All these take place as youths in general have difficulty getting a job in Malaysia, with Ong highlighting statistics that showed the unemployment rate in 2015 among youths in the age group of 20 to 24 to be 9.3 per cent, which is three times the average unemployment rate of 3.5 per cent the same year.

This same age group accounted for the largest portion of unemployed Malaysians in 2015 at 42.06 per cent, while those aged 25 to 29 was the second highest that year at 20.36 per cent.

While the youth unemployment rate in Malaysia is relatively lower than other countries, Ong said policymakers should take note as it would have a negative impact on the country’s economic structure and skills development in the long run.

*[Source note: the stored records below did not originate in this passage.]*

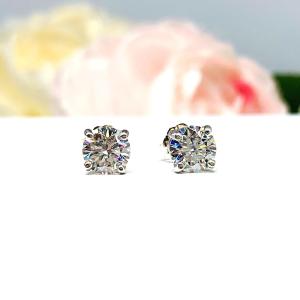 6mm Moissanite Stud Earrings – Sterling Silver – Round Cut – April Birthstone Alternative – Authentic Stones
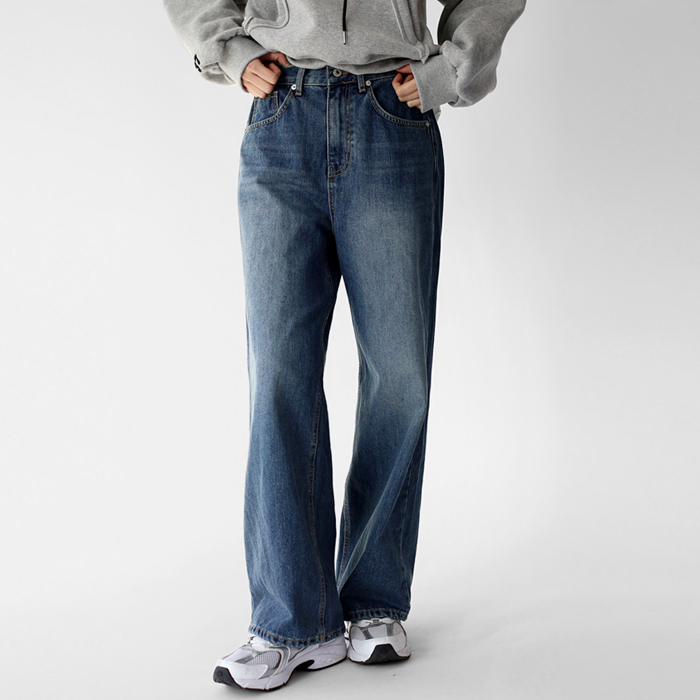 Back banding fleece denim pants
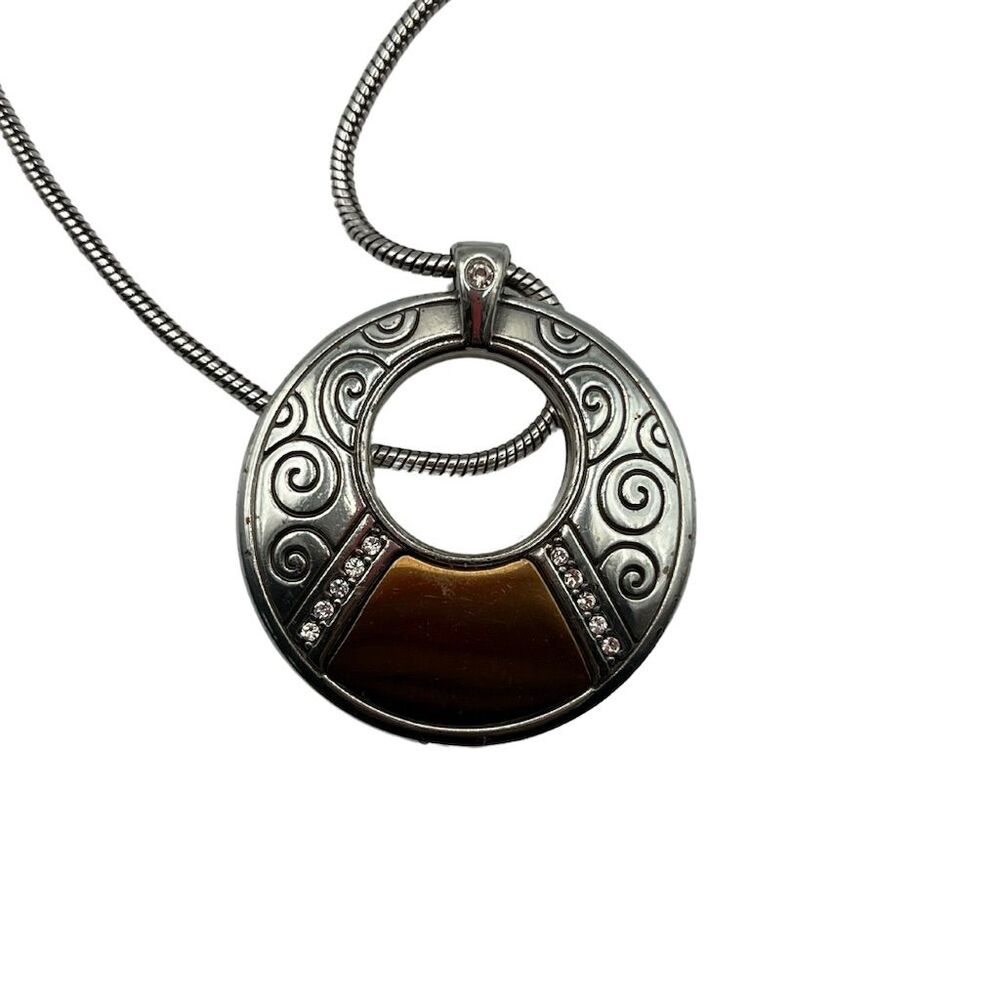 Brighton Wiltern Black Gold Crystal Reversible Pendant Necklace Retired - Picture 4 of 4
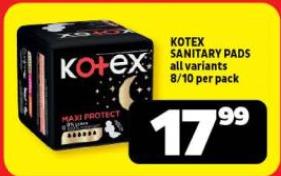 Kotex Sanitary Pads All Variants 8/10 Per Pack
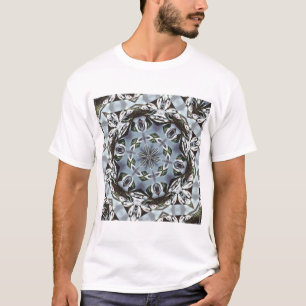 Hexagon Of Jungle Leaves and Tropical Flowers T-Shirt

“The rising number of youths facing joblessness is opportunity cost and ‘wage scars’, in terms of lower pay and reduced life chances in their future work path, since the longer you are unemployed in the formal sector, the worse it looks on your CV,” he said.

The findings on the problem of youth and graduate unemployment ties in with the report’s findings that 2.2 million new jobs have been generated between 2011 and 2015.

The report said the data means Malaysia has already achieved two-thirds of its goal under the government’s Economic Transformation Programme (ETP) to have 3.3 million jobs by 2020, but noted that high-skilled jobs fell from 26 per cent in 2011 to 25 per cent in 2015, while low-skilled jobs grew from 12 per cent to 14 per cent in the same period.

The report titled “Malaysia’s Labour Market and Job Creation under the Economic Transformation Programme (2011-2015)” was prepared by Lim Ping Jun.

The full report is expected to be released next week on Penang Institute’s website.

* Editor’s note: This story has been updated to correct an earlier version that misstated the number of graduates working in the informal sector.